→ **EXERCISE REQUIREMENTS**: Each record below needs to be written out exactly as it reads.

=======

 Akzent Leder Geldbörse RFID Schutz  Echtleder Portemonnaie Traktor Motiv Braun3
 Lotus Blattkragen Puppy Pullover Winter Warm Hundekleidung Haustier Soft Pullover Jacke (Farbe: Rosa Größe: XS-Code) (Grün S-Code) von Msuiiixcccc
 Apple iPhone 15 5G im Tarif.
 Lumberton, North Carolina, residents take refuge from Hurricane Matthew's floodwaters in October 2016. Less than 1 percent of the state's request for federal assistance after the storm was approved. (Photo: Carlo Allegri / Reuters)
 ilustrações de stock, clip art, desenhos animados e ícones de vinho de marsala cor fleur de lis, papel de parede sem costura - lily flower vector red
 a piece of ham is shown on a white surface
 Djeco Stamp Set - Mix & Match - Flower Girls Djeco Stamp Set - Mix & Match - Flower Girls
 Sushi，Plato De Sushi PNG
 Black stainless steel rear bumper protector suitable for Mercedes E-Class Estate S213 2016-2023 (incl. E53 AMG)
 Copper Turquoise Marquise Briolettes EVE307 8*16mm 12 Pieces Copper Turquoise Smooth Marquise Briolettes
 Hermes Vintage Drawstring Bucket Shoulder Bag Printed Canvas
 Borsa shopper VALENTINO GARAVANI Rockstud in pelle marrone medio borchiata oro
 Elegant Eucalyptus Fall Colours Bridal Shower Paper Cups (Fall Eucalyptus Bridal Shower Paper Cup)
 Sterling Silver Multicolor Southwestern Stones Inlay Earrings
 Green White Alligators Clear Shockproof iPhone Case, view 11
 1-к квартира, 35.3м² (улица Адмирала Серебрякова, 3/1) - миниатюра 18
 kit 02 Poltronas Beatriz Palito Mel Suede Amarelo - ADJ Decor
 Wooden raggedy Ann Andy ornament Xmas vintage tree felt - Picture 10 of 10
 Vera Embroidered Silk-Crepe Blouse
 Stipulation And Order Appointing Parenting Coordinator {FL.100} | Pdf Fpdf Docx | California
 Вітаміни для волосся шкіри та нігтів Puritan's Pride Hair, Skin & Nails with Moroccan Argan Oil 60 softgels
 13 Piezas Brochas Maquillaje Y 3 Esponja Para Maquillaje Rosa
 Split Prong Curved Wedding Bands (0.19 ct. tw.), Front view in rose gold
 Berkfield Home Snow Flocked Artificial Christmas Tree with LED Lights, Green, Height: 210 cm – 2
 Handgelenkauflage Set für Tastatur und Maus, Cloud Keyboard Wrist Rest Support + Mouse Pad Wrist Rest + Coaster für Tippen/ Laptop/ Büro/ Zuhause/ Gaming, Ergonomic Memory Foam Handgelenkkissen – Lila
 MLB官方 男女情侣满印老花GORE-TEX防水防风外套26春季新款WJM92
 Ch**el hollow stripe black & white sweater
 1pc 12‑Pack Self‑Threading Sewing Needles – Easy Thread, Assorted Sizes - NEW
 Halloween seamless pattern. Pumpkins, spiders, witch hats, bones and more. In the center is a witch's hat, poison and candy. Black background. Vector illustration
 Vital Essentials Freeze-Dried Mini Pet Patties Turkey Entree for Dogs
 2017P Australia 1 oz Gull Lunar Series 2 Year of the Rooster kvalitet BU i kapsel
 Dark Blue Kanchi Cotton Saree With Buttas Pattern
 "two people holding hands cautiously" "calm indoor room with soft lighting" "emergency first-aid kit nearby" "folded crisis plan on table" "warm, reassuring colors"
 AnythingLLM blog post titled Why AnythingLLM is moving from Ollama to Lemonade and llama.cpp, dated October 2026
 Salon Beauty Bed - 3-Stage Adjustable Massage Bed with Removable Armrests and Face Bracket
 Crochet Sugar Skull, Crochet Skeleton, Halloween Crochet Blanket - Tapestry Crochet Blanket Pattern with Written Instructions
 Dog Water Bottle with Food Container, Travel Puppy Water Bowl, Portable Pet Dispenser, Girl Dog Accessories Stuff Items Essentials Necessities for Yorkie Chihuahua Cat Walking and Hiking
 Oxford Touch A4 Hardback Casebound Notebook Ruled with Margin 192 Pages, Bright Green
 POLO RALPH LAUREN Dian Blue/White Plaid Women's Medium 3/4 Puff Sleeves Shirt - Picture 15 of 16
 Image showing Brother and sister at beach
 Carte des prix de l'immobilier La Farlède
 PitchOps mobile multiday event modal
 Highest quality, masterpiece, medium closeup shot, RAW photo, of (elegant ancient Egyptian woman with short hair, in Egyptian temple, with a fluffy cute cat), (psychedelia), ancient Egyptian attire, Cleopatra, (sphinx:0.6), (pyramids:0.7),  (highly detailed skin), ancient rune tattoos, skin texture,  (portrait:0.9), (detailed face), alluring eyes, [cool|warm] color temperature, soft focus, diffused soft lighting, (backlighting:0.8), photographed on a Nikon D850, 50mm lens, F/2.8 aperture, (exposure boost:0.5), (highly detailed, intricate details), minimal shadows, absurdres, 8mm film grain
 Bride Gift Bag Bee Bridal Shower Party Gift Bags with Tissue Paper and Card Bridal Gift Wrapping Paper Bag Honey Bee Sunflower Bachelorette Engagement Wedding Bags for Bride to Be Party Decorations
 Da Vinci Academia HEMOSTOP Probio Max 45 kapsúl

=======

→ **EXERCISE SOLUTION**:
 Akzent Leder Geldbörse RFID Schutz  Echtleder Portemonnaie Traktor Motiv Braun3
 Lotus Blattkragen Puppy Pullover Winter Warm Hundekleidung Haustier Soft Pullover Jacke (Farbe: Rosa Größe: XS-Code) (Grün S-Code) von Msuiiixcccc
 Apple iPhone 15 5G im Tarif.
 Lumberton, North Carolina, residents take refuge from Hurricane Matthew's floodwaters in October 2016. Less than 1 percent of the state's request for federal assistance after the storm was approved. (Photo: Carlo Allegri / Reuters)
 ilustrações de stock, clip art, desenhos animados e ícones de vinho de marsala cor fleur de lis, papel de parede sem costura - lily flower vector red
 a piece of ham is shown on a white surface
 Djeco Stamp Set - Mix & Match - Flower Girls Djeco Stamp Set - Mix & Match - Flower Girls
 Sushi，Plato De Sushi PNG
 Black stainless steel rear bumper protector suitable for Mercedes E-Class Estate S213 2016-2023 (incl. E53 AMG)
 Copper Turquoise Marquise Briolettes EVE307 8*16mm 12 Pieces Copper Turquoise Smooth Marquise Briolettes
 Hermes Vintage Drawstring Bucket Shoulder Bag Printed Canvas
 Borsa shopper VALENTINO GARAVANI Rockstud in pelle marrone medio borchiata oro
 Elegant Eucalyptus Fall Colours Bridal Shower Paper Cups (Fall Eucalyptus Bridal Shower Paper Cup)
 Sterling Silver Multicolor Southwestern Stones Inlay Earrings
 Green White Alligators Clear Shockproof iPhone Case, view 11
 1-к квартира, 35.3м² (улица Адмирала Серебрякова, 3/1) - миниатюра 18
 kit 02 Poltronas Beatriz Palito Mel Suede Amarelo - ADJ Decor
 Wooden raggedy Ann Andy ornament Xmas vintage tree felt - Picture 10 of 10
 Vera Embroidered Silk-Crepe Blouse
 Stipulation And Order Appointing Parenting Coordinator {FL.100} | Pdf Fpdf Docx | California
 Вітаміни для волосся шкіри та нігтів Puritan's Pride Hair, Skin & Nails with Moroccan Argan Oil 60 softgels
 13 Piezas Brochas Maquillaje Y 3 Esponja Para Maquillaje Rosa
 Split Prong Curved Wedding Bands (0.19 ct. tw.), Front view in rose gold
 Berkfield Home Snow Flocked Artificial Christmas Tree with LED Lights, Green, Height: 210 cm – 2
 Handgelenkauflage Set für Tastatur und Maus, Cloud Keyboard Wrist Rest Support + Mouse Pad Wrist Rest + Coaster für Tippen/ Laptop/ Büro/ Zuhause/ Gaming, Ergonomic Memory Foam Handgelenkkissen – Lila
 MLB官方 男女情侣满印老花GORE-TEX防水防风外套26春季新款WJM92
 Ch**el hollow stripe black & white sweater
 1pc 12‑Pack Self‑Threading Sewing Needles – Easy Thread, Assorted Sizes - NEW
 Halloween seamless pattern. Pumpkins, spiders, witch hats, bones and more. In the center is a witch's hat, poison and candy. Black background. Vector illustration
 Vital Essentials Freeze-Dried Mini Pet Patties Turkey Entree for Dogs
 2017P Australia 1 oz Gull Lunar Series 2 Year of the Rooster kvalitet BU i kapsel
 Dark Blue Kanchi Cotton Saree With Buttas Pattern
 "two people holding hands cautiously" "calm indoor room with soft lighting" "emergency first-aid kit nearby" "folded crisis plan on table" "warm, reassuring colors"
 AnythingLLM blog post titled Why AnythingLLM is moving from Ollama to Lemonade and llama.cpp, dated October 2026
 Salon Beauty Bed - 3-Stage Adjustable Massage Bed with Removable Armrests and Face Bracket
 Crochet Sugar Skull, Crochet Skeleton, Halloween Crochet Blanket - Tapestry Crochet Blanket Pattern with Written Instructions
 Dog Water Bottle with Food Container, Travel Puppy Water Bowl, Portable Pet Dispenser, Girl Dog Accessories Stuff Items Essentials Necessities for Yorkie Chihuahua Cat Walking and Hiking
 Oxford Touch A4 Hardback Casebound Notebook Ruled with Margin 192 Pages, Bright Green
 POLO RALPH LAUREN Dian Blue/White Plaid Women's Medium 3/4 Puff Sleeves Shirt - Picture 15 of 16
 Image showing Brother and sister at beach
 Carte des prix de l'immobilier La Farlède
 PitchOps mobile multiday event modal
 Highest quality, masterpiece, medium closeup shot, RAW photo, of (elegant ancient Egyptian woman with short hair, in Egyptian temple, with a fluffy cute cat), (psychedelia), ancient Egyptian attire, Cleopatra, (sphinx:0.6), (pyramids:0.7),  (highly detailed skin), ancient rune tattoos, skin texture,  (portrait:0.9), (detailed face), alluring eyes, [cool|warm] color temperature, soft focus, diffused soft lighting, (backlighting:0.8), photographed on a Nikon D850, 50mm lens, F/2.8 aperture, (exposure boost:0.5), (highly detailed, intricate details), minimal shadows, absurdres, 8mm film grain
 Bride Gift Bag Bee Bridal Shower Party Gift Bags with Tissue Paper and Card Bridal Gift Wrapping Paper Bag Honey Bee Sunflower Bachelorette Engagement Wedding Bags for Bride to Be Party Decorations
 Da Vinci Academia HEMOSTOP Probio Max 45 kapsúl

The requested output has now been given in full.